**Activity**: Would you return each record that follows word for word, without its pictures?

Dataset entries:
Content starts

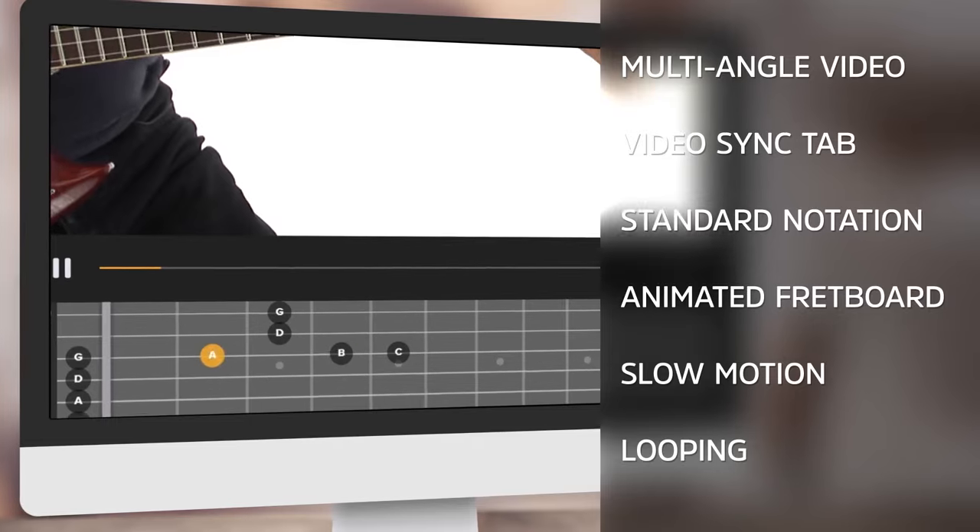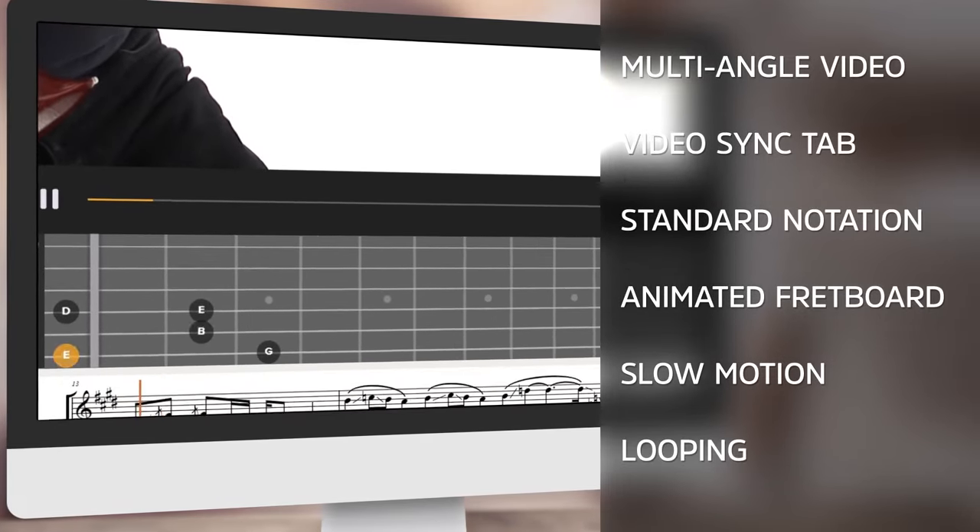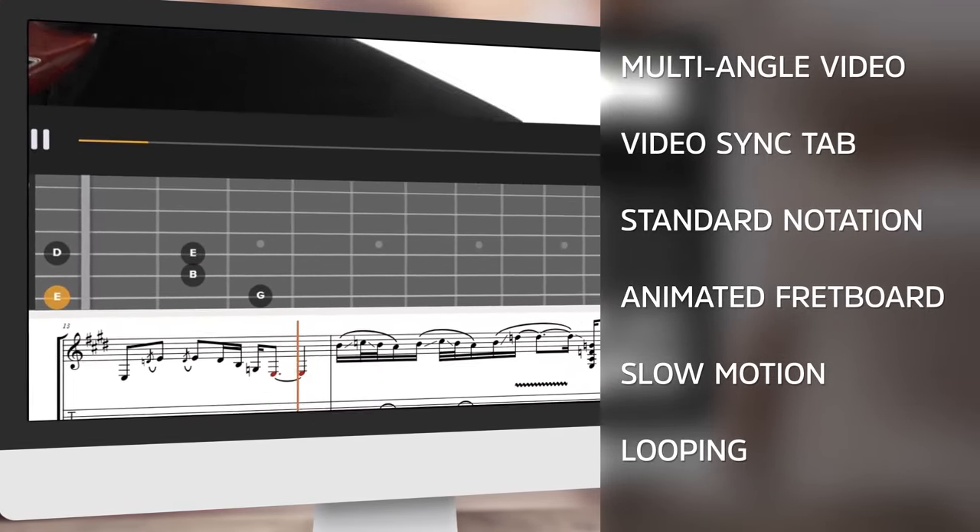We're also going to be making sure we understand the relationship of these harmonics from string to string, and also how they work as we go up on single strings — what the notes are and how they create chords or scales.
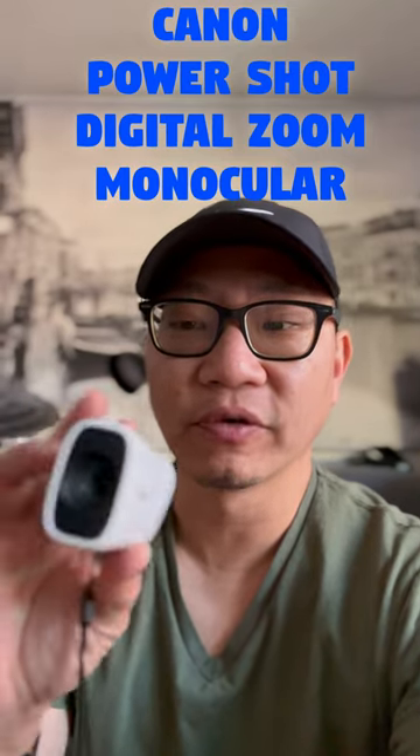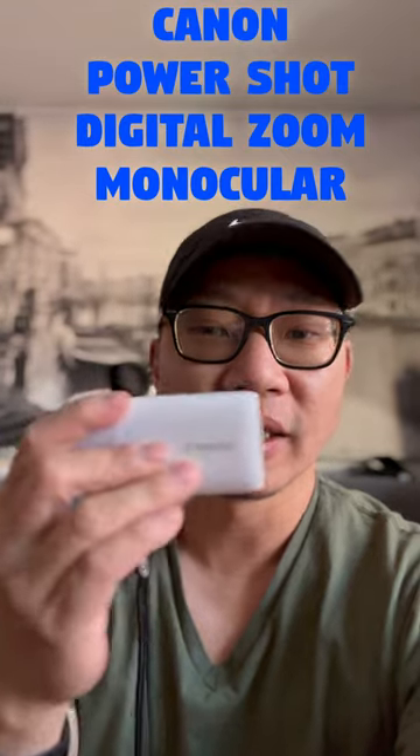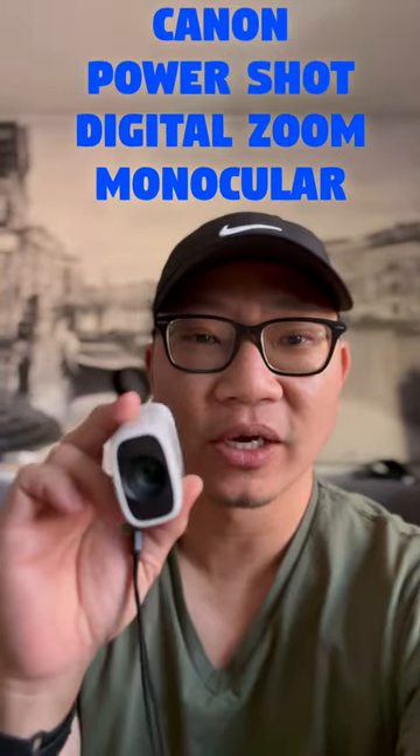Hey, it's Mike. This is a quick little review of the Canon PowerShot Digital Zoom Monocular. It's this little guy right here, and I'd like it as a digital monocular only.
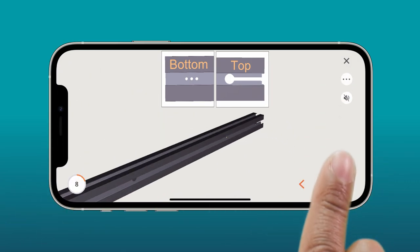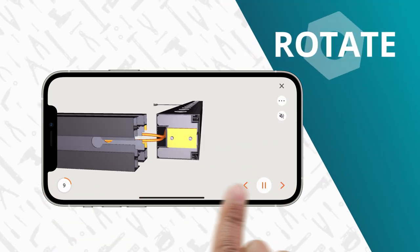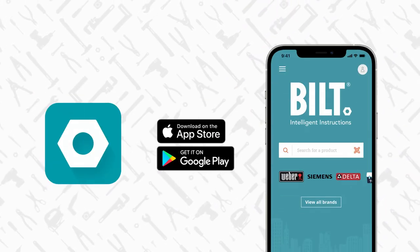This product comes with official 3D instructions on the Built app, so you can rotate the images on a touch screen to get just the right angle, zoom in, or tap on a part. It's a free download from the App Store or Google Play.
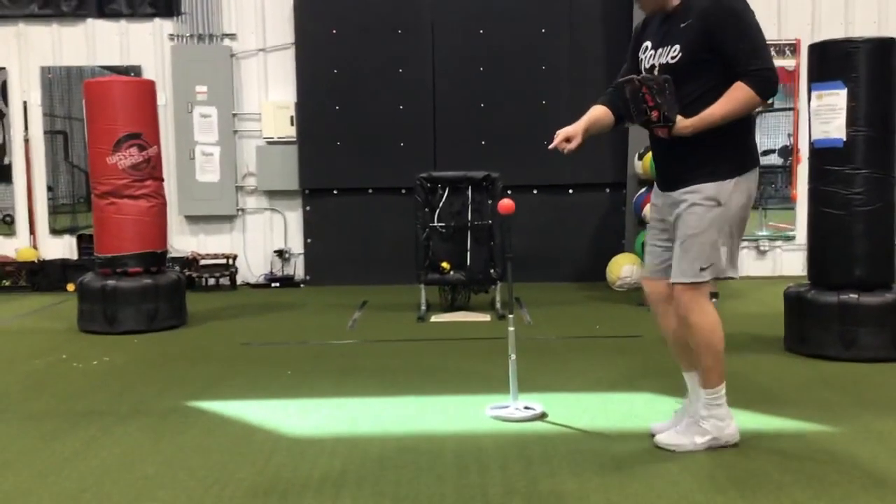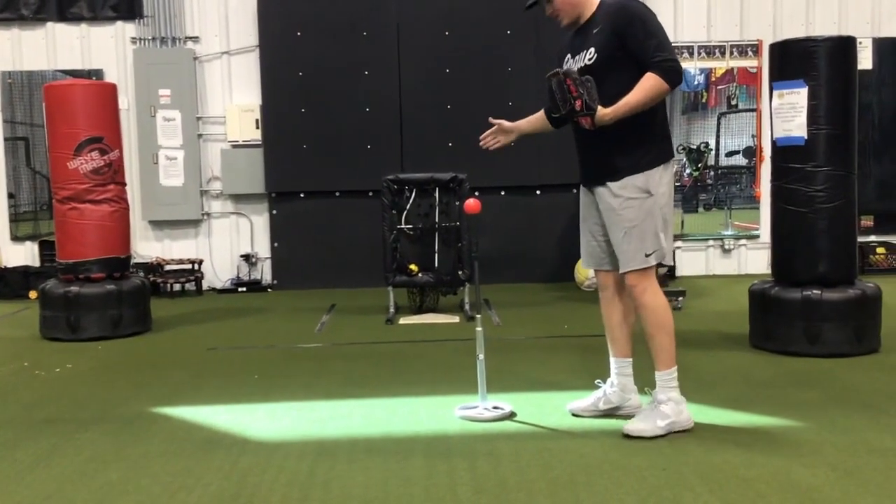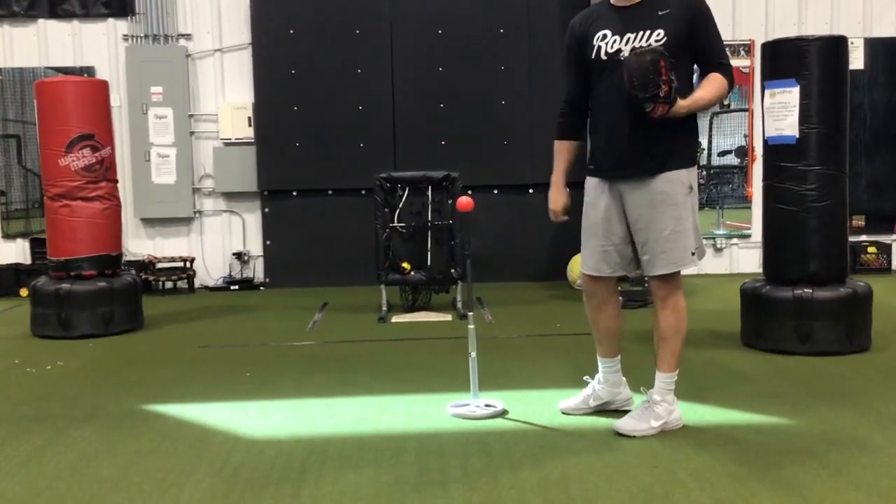So when you throw the ball, it's going to break at the red ball and land at the yellow ball. It's a three-dimensional visual to help locate our pitch.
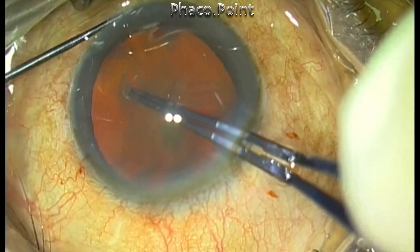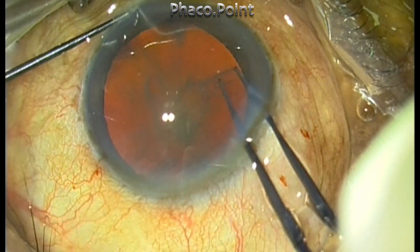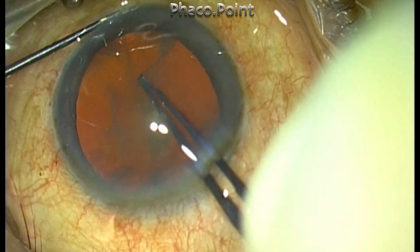With the help of a utero forceps, I have created the adequate size capsular rexes, which I'm happy with.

Content ends

**Task result**:
We're also going to be making sure we understand the relationship of these harmonics from string to string, and also how they work as we go up on single strings — what the notes are and how they create chords or scales.
Hey, it's Mike. This is a quick little review of the Canon PowerShot Digital Zoom Monocular. It's this little guy right here, and I'd like it as a digital monocular only.
This product comes with official 3D instructions on the Built app, so you can rotate the images on a touch screen to get just the right angle, zoom in, or tap on a part. It's a free download from the App Store or Google Play.
So when you throw the ball, it's going to break at the red ball and land at the yellow ball. It's a three-dimensional visual to help locate our pitch.
With the help of a utero forceps, I have created the adequate size capsular rexes, which I'm happy with.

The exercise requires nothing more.